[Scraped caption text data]

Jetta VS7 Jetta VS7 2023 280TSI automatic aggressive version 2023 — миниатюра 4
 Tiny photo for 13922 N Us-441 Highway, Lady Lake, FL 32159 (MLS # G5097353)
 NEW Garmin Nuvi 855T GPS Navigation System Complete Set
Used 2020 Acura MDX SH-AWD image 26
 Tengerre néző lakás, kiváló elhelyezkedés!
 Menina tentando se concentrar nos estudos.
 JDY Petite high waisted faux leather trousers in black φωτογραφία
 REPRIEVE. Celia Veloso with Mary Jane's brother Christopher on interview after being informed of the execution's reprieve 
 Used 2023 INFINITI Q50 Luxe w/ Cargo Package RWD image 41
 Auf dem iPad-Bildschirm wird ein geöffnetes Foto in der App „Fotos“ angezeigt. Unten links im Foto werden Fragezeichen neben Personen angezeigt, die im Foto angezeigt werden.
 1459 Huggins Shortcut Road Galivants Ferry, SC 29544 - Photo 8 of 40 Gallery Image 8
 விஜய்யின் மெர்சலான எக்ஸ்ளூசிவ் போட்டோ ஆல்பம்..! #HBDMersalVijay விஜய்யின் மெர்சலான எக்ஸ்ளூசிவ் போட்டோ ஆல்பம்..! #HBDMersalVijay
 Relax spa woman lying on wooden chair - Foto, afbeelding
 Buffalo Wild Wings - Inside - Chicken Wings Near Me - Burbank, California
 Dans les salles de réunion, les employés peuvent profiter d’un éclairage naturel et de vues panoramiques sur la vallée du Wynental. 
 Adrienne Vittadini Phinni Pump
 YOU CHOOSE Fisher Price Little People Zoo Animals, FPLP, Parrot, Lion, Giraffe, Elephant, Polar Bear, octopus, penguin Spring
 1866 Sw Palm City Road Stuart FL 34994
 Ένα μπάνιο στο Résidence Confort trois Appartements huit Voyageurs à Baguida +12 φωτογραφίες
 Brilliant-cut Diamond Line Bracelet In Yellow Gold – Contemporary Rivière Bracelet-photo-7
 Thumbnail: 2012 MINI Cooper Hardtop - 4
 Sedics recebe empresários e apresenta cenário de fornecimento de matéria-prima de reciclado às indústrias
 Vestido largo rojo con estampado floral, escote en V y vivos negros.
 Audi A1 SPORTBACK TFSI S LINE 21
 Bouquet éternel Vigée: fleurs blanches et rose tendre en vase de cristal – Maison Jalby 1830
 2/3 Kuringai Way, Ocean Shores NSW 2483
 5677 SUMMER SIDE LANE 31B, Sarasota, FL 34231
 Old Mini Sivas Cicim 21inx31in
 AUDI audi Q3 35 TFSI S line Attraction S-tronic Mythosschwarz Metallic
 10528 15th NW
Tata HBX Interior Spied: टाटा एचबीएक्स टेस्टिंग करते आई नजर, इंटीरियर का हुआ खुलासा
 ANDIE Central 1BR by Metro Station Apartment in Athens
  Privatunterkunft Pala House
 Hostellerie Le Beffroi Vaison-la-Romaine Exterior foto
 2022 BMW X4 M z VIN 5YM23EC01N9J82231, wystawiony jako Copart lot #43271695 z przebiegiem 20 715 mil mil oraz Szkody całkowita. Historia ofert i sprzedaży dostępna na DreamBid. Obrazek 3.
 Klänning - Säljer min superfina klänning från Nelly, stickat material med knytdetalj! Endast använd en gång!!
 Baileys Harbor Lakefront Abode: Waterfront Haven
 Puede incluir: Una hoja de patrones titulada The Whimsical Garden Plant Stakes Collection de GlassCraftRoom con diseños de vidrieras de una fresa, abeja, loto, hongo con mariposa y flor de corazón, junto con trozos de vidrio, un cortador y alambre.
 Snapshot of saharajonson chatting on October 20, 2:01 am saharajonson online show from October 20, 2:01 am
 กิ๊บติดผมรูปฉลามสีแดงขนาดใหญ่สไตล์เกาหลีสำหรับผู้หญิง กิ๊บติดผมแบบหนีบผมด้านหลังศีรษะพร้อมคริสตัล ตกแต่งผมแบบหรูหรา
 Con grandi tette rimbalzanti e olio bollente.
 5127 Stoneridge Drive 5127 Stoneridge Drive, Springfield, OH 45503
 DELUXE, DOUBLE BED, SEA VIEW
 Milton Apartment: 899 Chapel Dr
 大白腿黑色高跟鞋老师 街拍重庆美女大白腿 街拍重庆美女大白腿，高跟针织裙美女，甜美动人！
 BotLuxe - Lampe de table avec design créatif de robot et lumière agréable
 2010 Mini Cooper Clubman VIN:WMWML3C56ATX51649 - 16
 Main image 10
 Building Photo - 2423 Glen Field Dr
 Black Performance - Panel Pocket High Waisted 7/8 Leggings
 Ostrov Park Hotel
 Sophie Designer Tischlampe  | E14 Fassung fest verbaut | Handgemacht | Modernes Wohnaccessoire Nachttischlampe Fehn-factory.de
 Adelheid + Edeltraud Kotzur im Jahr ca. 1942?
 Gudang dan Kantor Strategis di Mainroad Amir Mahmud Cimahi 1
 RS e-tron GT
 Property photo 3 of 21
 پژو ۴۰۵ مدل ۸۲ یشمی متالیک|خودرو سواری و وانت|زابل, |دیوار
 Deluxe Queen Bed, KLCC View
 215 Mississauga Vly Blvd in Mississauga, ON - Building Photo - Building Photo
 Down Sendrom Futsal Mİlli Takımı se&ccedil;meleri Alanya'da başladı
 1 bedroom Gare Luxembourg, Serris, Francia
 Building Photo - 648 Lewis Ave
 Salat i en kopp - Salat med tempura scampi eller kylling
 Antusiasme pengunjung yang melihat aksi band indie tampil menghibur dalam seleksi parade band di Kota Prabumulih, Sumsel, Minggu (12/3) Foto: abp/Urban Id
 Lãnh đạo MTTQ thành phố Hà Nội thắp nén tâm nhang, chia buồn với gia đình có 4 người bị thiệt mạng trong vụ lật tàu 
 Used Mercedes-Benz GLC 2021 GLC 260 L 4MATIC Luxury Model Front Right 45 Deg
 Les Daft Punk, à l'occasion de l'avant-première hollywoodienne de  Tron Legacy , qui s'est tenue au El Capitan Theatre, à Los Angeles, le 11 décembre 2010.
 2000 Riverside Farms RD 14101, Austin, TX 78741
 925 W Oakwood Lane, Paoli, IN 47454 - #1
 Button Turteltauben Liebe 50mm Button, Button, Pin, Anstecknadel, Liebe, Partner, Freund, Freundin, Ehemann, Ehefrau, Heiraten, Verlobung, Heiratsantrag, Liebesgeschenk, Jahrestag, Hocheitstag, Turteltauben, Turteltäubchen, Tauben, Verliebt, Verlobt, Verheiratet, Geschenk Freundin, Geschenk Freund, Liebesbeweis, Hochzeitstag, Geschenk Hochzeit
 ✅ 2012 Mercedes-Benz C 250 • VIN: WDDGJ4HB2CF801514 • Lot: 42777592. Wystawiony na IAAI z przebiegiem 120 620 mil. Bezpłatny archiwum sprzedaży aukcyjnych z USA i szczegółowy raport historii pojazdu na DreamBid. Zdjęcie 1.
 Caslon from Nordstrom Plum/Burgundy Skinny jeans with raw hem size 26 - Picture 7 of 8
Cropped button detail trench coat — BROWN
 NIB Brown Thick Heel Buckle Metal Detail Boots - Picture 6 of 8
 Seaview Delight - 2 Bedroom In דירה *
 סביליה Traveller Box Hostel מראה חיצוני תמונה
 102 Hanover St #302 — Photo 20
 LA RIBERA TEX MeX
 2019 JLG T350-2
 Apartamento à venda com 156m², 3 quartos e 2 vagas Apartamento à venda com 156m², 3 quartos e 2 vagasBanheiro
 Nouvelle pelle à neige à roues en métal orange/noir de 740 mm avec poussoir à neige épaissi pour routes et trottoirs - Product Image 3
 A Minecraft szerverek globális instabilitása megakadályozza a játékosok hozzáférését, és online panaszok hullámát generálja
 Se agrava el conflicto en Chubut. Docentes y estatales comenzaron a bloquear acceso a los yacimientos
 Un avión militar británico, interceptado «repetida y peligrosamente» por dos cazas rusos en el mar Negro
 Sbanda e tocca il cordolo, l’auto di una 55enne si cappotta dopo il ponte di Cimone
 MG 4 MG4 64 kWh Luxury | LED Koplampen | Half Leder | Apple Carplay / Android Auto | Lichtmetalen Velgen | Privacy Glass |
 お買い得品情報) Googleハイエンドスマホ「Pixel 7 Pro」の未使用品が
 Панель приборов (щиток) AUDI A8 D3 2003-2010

Your objective: Checking the data above line by line, please work out how many lines include "Building", and reply with the number only.

Solution below: 3